Una de las señas de identidad de las grandes democracias es el nivel de protección que estas otorgan a los derechos individuales. La robustez de las garantías que personas físicas y jurídicas tienen a su alcance frente a las acusaciones de los poderes públicos, por muy justificadas que sean aquellas y legítimos estos, forman parte del núcleo central de un acreditado sistema de libertades. Estos principios son aplicables a cualquier ciudadano, pero como es lógico cobran especial importancia en los casos de personas acusadas de la comisión de graves delitos que pueden derivar en severas condenas.
Cierto que se han producido casos bochornosos, incompatibles con una justicia eficaz y equitativa. Incluso persisten en algunos ámbitos judiciales prácticas difícilmente compatibles con una visión mesurada de la legítima coerción que la sociedad tiene delegada en la Administración de Justicia. Una de esas prácticas, sin duda la más escandalosa a la vista de su reiteración y algún reciente ejemplo escasamente edificante, es el abuso que algunos tribunales hacen de la prisión preventiva.
Pero evidenciadas las excepciones, lo que a continuación debe añadirse, para tener un cuadro completo, es la general fortaleza y credibilidad de nuestro sistema judicial. Los organismos internacionales que miden la calidad de las democracias sitúan a España entre los países que cumplen sobradamente con los estándares más exigentes de protección de los derechos fundamentales. Vender por tanto la imagen de una Justicia parcial y entregada de hoz y coz al poder político, como viene haciendo sistemáticamente el secesionismo catalán, es un ejercicio tan desleal como inútil.
Es precisamente el juicio que se sigue en el Tribunal Supremo contra los líderes independentistas el mejor ejemplo de la desmesura de tales acusaciones
Es precisamente el juicio que se sigue en el Tribunal Supremo contra los líderes independentistas el mejor ejemplo de la desmesura de tales acusaciones. Y ha sido la decisión final del Tribunal Constitucional, rechazando los recursos presentados por PP y Ciudadanos contra la candidatura a las elecciones europeas de Carles Puigdemont y otros responsables políticos fugados, la palmaria demostración de que en España las leyes se aplican pese a quien pese, incluso si los principales perjudicados son el sentido común y el del ridículo.
Que el acceso al sufragio pasivo sea “un derecho fundamental que la Constitución reconoce a todos los ciudadanos españoles”, tal como subraya el Supremo en el escrito de contestación a los juzgados de lo Contencioso, es sin duda un principio esencial a la vista de la jurisprudencia y de las leyes vigentes, pero lo que no puede convertirse es en inamovible. Disponer uniformemente de la ley con personas y circunstancias que nada tienen en común, es una de las formas más arbitrarias de impartir justicia.
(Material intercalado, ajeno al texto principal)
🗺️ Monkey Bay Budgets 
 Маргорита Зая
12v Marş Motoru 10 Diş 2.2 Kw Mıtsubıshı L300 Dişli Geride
Aplicar la norma con el mismo grado de protección de los derechos fundamentales a quien acepta el Estado de Derecho y a quien lo desprecia, es una burla intolerable para cualquier democracia que de tal nombre se precie.
No hay la menor duda de cuál será el final de esta historia: Puigdemont no recogerá en Madrid su acta de diputado europeo; seguirá en su cómodo retiro belga, que pagamos todos los españoles. Pero si creíamos que soportar esta insólita situación, si pensábamos que ya era suficiente escarnio el hasta ahora provocado por un golpista insolidario y cobarde, la Justicia española nos acaba de demostrar que todo es susceptible de empeorar.
Como han denunciado los líderes de la oposición, es una vergüenza que la legislación nacional, al contrario que las de otros países europeos, permita que un huido de la justicia pueda presentarse a unos comicios. Es sencillamente un intolerable fraude de ley que urge corregir.